+++ INPUT DATA +++
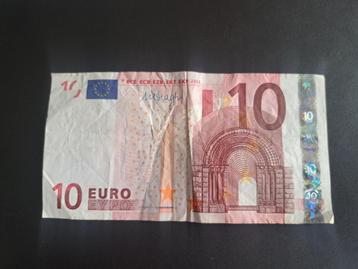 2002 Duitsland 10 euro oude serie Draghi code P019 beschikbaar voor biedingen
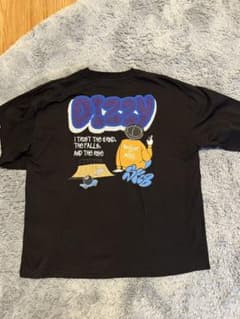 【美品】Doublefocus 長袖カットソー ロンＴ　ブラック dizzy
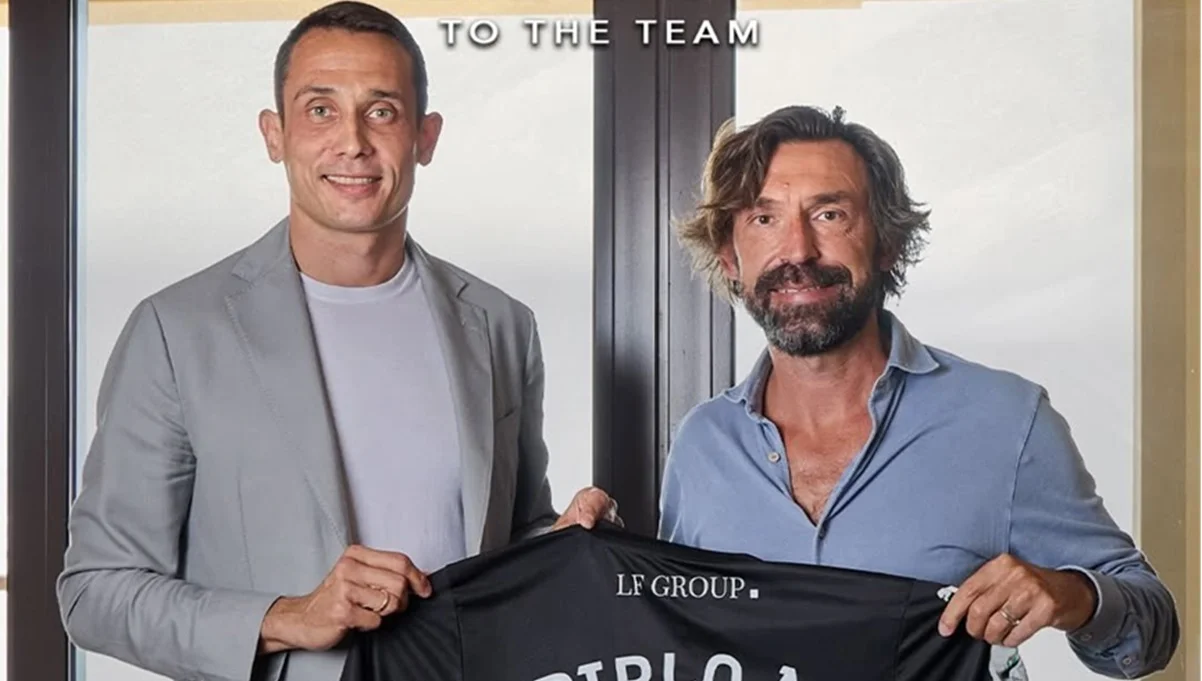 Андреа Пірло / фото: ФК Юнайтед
+++
+++ INPUT DATA +++
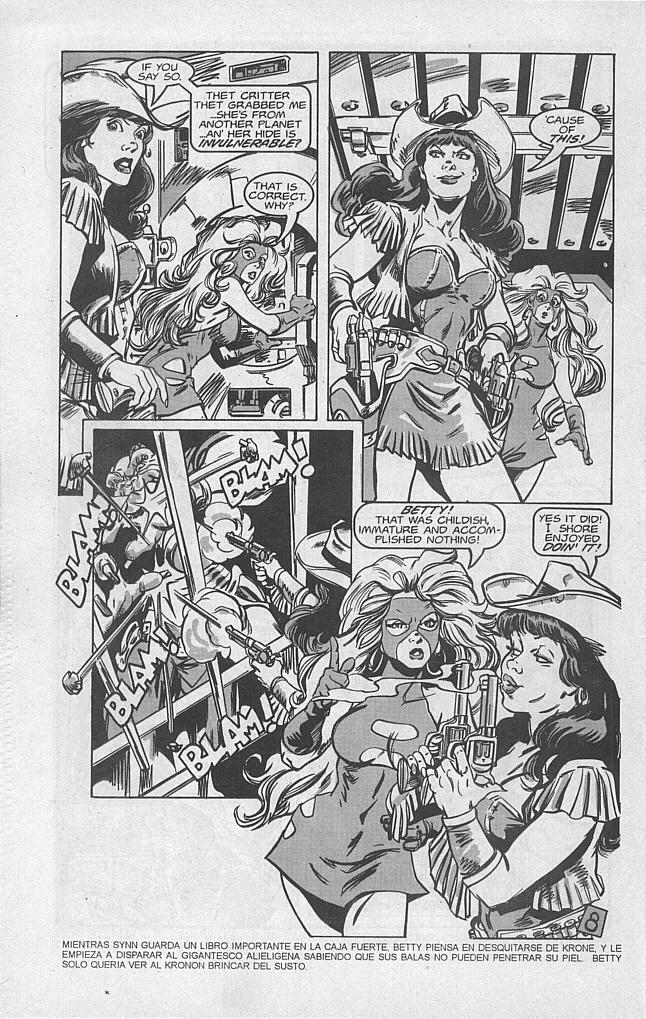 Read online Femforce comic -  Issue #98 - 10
+++
+++ INPUT DATA +++
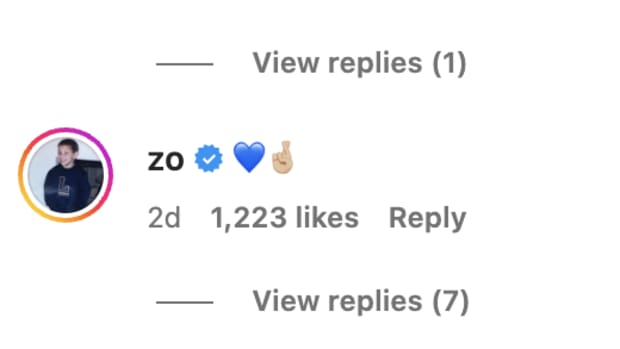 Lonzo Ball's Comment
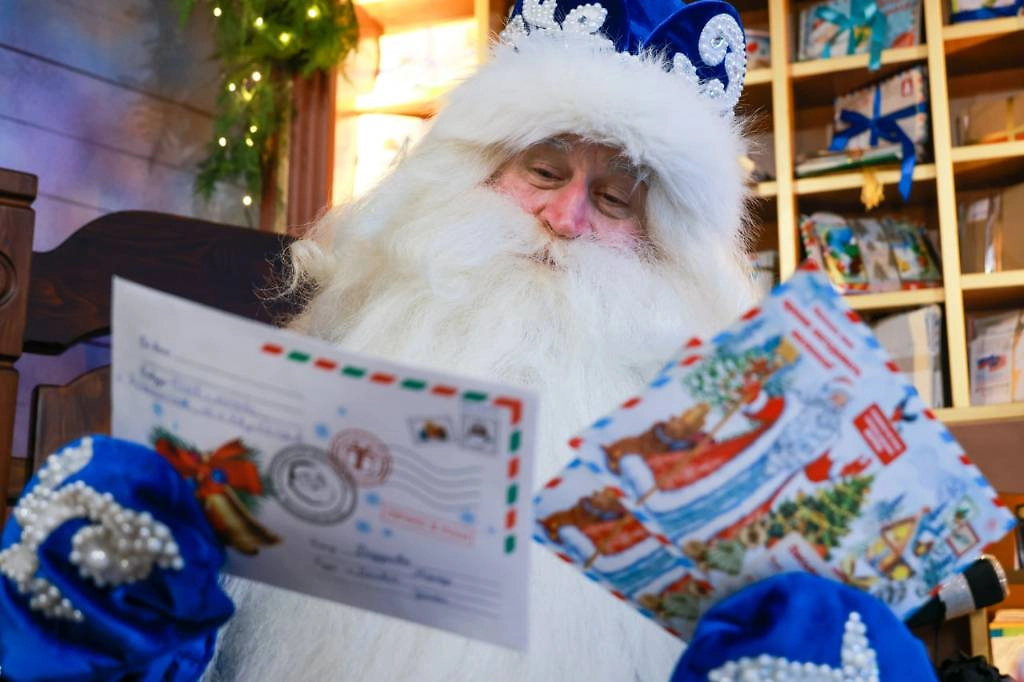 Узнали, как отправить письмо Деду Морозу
+++
YOUR ASSIGNMENT: Excerpt from the records above: set down only the lines from the one that contains "2002 Duitsland 10" through the one that contains "Андреа Пірло / фото: ФК Юнайтед", inclusive, word for word. Pictures stay out.

OUTPUT FOR THIS EXERCISE:
 2002 Duitsland 10 euro oude serie Draghi code P019 beschikbaar voor biedingen
 【美品】Doublefocus 長袖カットソー ロンＴ　ブラック dizzy
 Андреа Пірло / фото: ФК Юнайтед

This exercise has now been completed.